I also bought this supplement to help with inflammation. Amazon.com: Vet's Best Seasonal Allergy Support Supplement for Dogs, 60 Tablets: Pet Supplies

I'm not really too happy that holistic select is made by Diamond, but if he does well enough on this food, I'll probably keep him on it. The ingredients aren't bad

Ingredients:
Salmon, Anchovy & Sardine Meal, Potatoes, Peas, Dried Ground Potatoes, Canola Oil (preserved with Mixed Tocopherols), Menhaden Fish Meal, Tomato Pomace, Flaxseed, Pea Fiber, Pumpkin, Natural Fish Flavor, Cranberries, Apples, Minerals [Zinc Polysaccharide Complex, Iron Polysaccharide Complex, Copper Polysaccharide Complex, Manganese Polysaccharide Complex, Sodium Selenite, Cobalt Carbonate, Potassium Iodide], Vitamins [Vitamin E Supplement, Ascorbic Acid (Vitamin C), Niacin Supplement, Vitamin B12 Supplement, Vitamin A Supplement, d-Calcium Pantothenate, Pyridoxine Hydrochloride, Vitamin D3 Supplement, Thiamine Mononitrate, Riboflavin Supplement, Biotin, Folic Acid], Choline Chloride, Papaya, Inulin, Salt, Blueberries, Pomegranate, Potassium Chloride, Mixed Tocopherols (added to preserve freshness), DL-Methionine, Yucca Schidigera Extract, Ground Cinnamon, Ground Fennel, Ground Peppermint, Dried Lactobacillus acidophilus Fermentation Product, Dried Lactobacillus casei Fermentation Product, Dried Enterococcus faecium Fermentation Product, Dried Bacillus subtilis Fermentation Product, Dried Bacillus licheniformis Fermentation Product, Dried Aspergillus oryzae Fermentation Product, Dried Aspergillus niger Fermentation Product, Lecithin, Rosemary Extract.

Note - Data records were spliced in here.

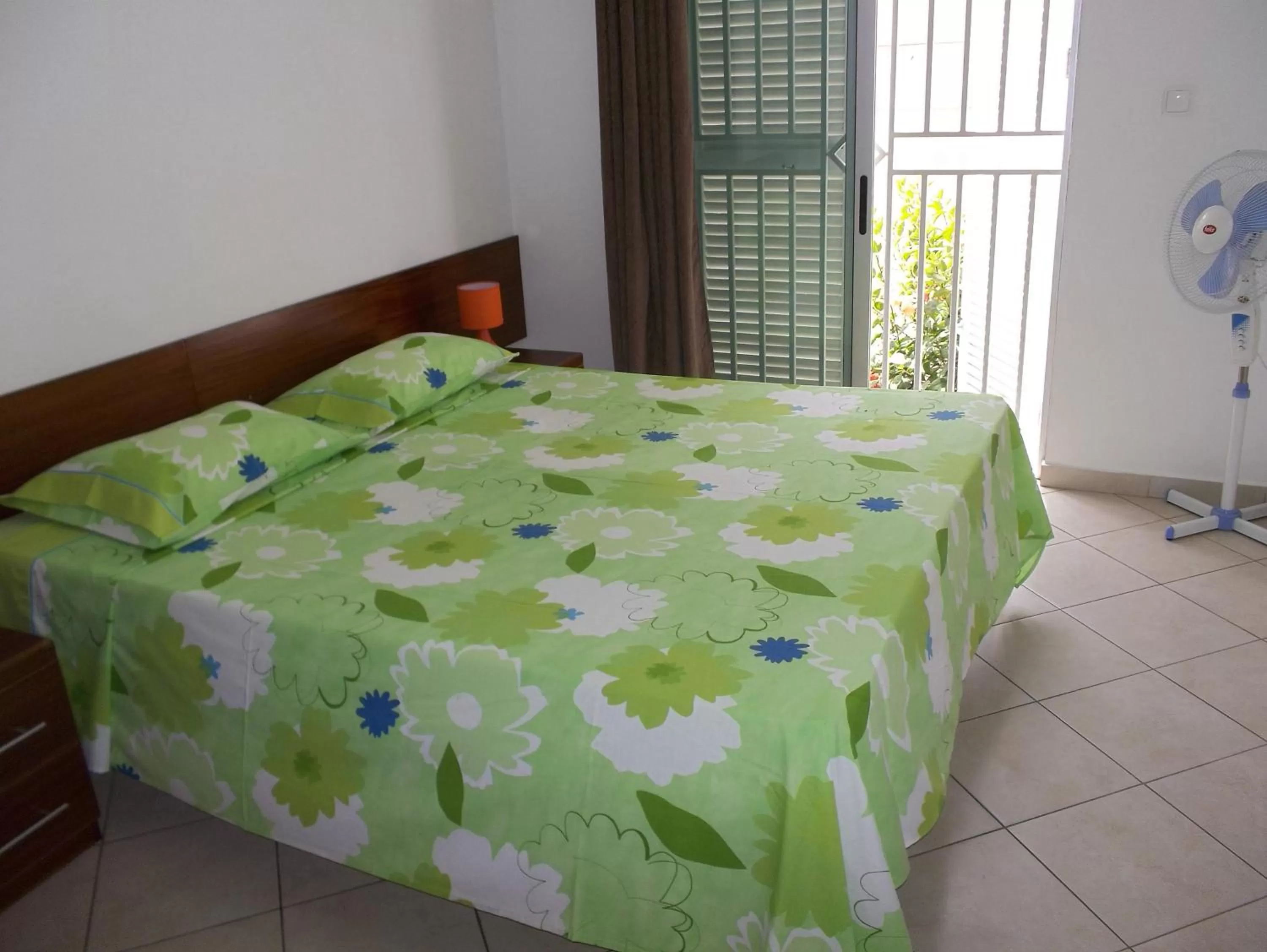 Photo of the whole room, Room Photo in Basic Hotel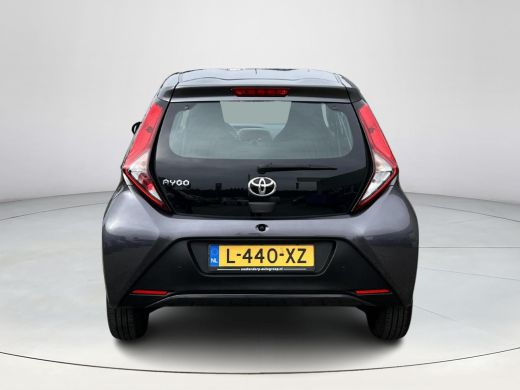 Toyota Aygo 1.0 VVT-i x-fun ActivLease financial lease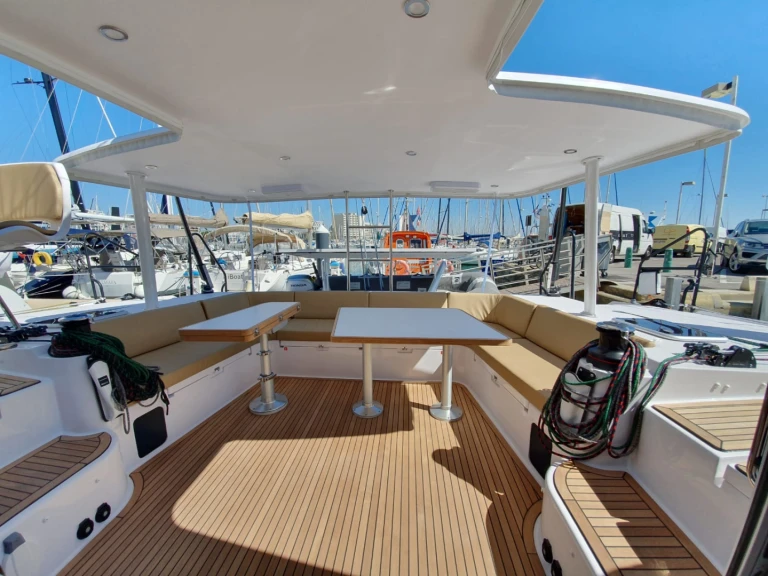 Location bateau Outremer outremer 51 à Carnon-Plage sur Samboat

So I'd post this in case someone else is dealing with never ending itchies and wants to try something new.


----------



## Felix (Oct 9, 2012)

FYI Holistic Select isn't made by diamond, they have their own plant that Wellpet bought and they still make the HS food at that plant.


----------



## Unosmom (May 3, 2009)

I knew they were somehow associated with diamond, but I'm glad that it's indirectly so hopefully less quality control issues.


----------



## InkedMarie (Sep 9, 2011)

I used to use Holistic Select back when it was Eagle Pack and always had alot of luck with it.


----------